An Image Analysis Tool for Mapping Cilia-Driven Particle Crystallization
AIChE Annual Meeting
2016
2016 AIChE Annual Meeting
Student Poster Sessions
Undergraduate Student Poster Session: Food, Pharmaceutical, and Biotechnology
Monday, November 14, 2016 - 10:00am to 12:30pm
Aiello, Joseph M., Markovetz, Matthew R., Parker, Robert S.

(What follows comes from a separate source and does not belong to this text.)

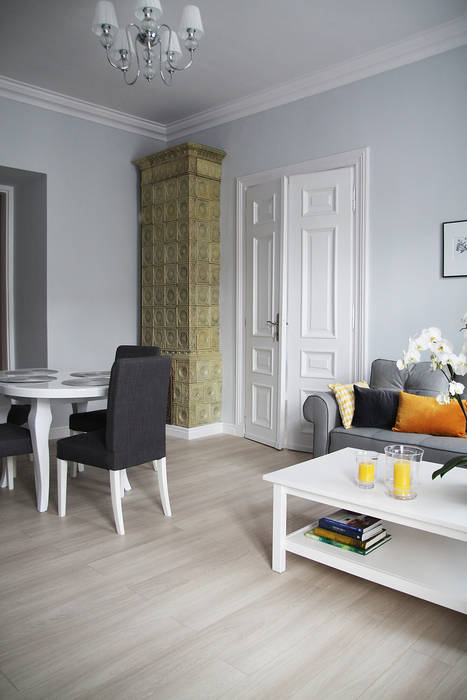 Mieszkanie w szarości , Grey shade interiors Grey shade interiors Eclectic style dining room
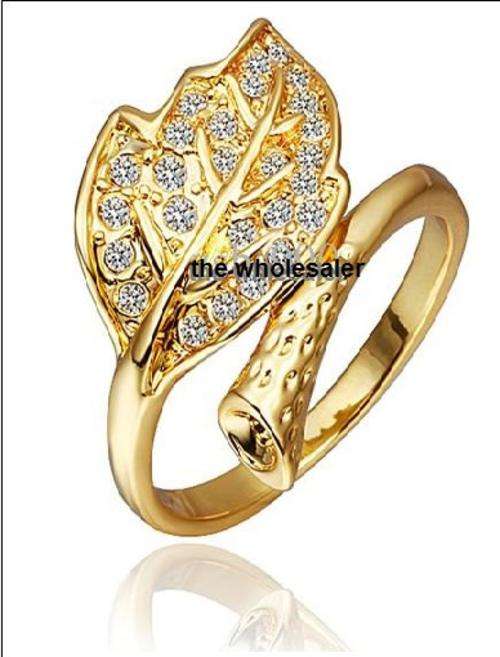 18K GOLD PLATED RING WITH AUSTRIAN CRYSTALS ***THREE COLOURS TO CHOOSE FROM***350.00 VALUE***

Department of Chemical and Petroleum Engineering, University of Pittsburgh
An important aspect of particle-based drug delivery is the degree of crystallinity of the delivered particles in vivo. Brownian motion affects particles in a fluid under 6 microns in diameter enable the formation of crystalline structures. Larger particles require that a driving force be applied to them. In the case where particles are inhaled into human lungs, cilia within the lungs may impart such a force on the particles in an effort to clear them from the airways. In this work, images were taken using confocal microscopy of particles on well-differentiated, ciliated human bronchial epithelial cell cultures. Stacked 2D image files of the particles were generated post-assembly. Using an augmented form of the Circular Hough Transform function, each stack of particles was evaluated and particle centers were identified. From the data obtained during each stack evaluation, the overall crystal structure in this 3D system can be determined.